▸ **WORK TO COMPLETE**
Print exactly the lines from the one containing "Satin Tank Tops" through the last line of the entries below; the pictures stay out of the copy.

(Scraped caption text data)
Start of Block
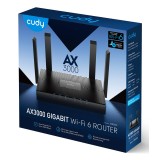 Cudy WR3000 router wireless Gigabit Ethernet Dual-band (2.4 GHz / 5 GHz) Nero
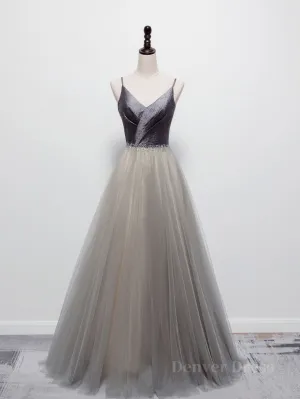 Simple gray v neck tulle long prom dress gray tulle formal dress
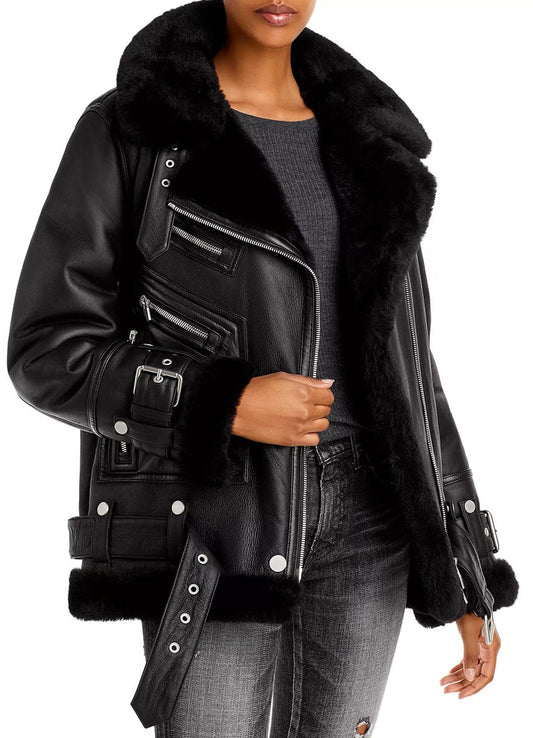 Women's Jet Black Shearling Leather Jacket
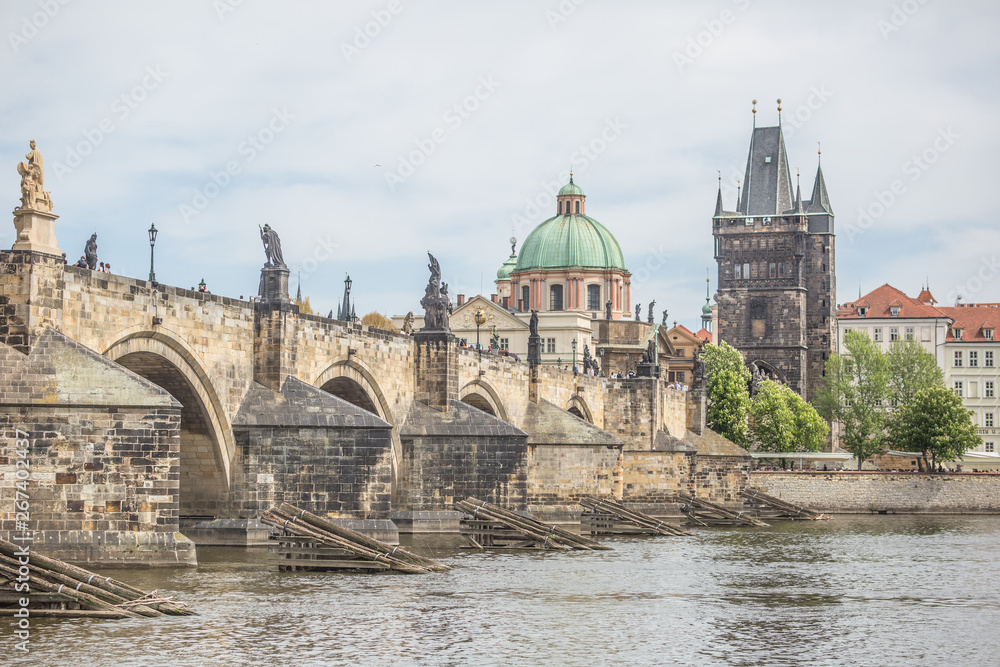 Charles bridge  over Vltava river in old town Prague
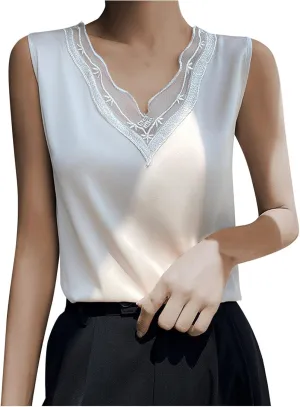 Satin Tank Tops for Women Lace V Neck Loose Fit Sleeveless Cami Blouses Summer Casual Soft Mesh Basic Sleepwear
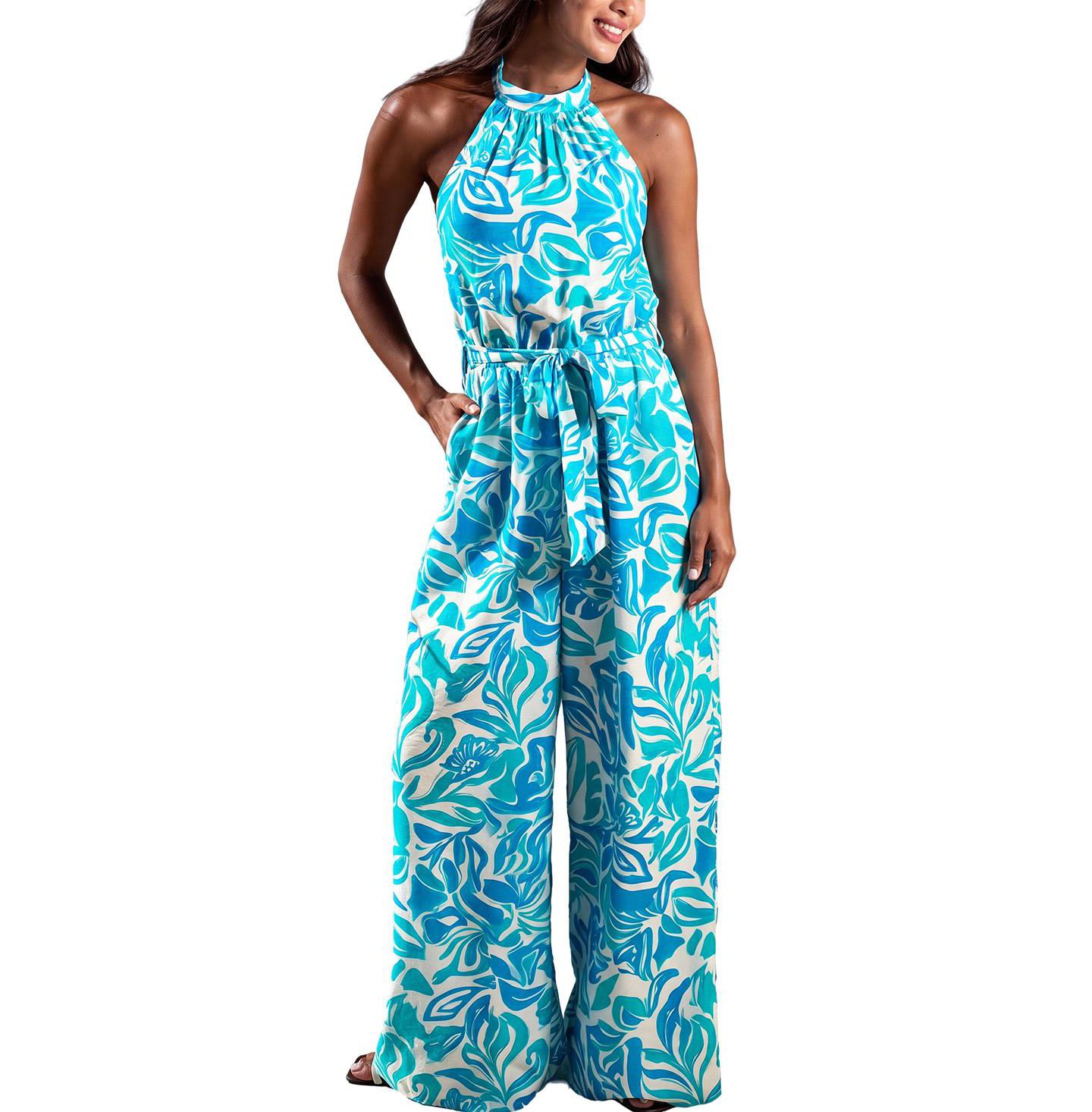 Женский комбинезон Cupshe Halter Neck Unlined Jumpsuit, цвет: Пастельный синий — фото 1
End of Block
▸ **OUTPUT FOR THIS TASK**
 Satin Tank Tops for Women Lace V Neck Loose Fit Sleeveless Cami Blouses Summer Casual Soft Mesh Basic Sleepwear
 Женский комбинезон Cupshe Halter Neck Unlined Jumpsuit, цвет: Пастельный синий — фото 1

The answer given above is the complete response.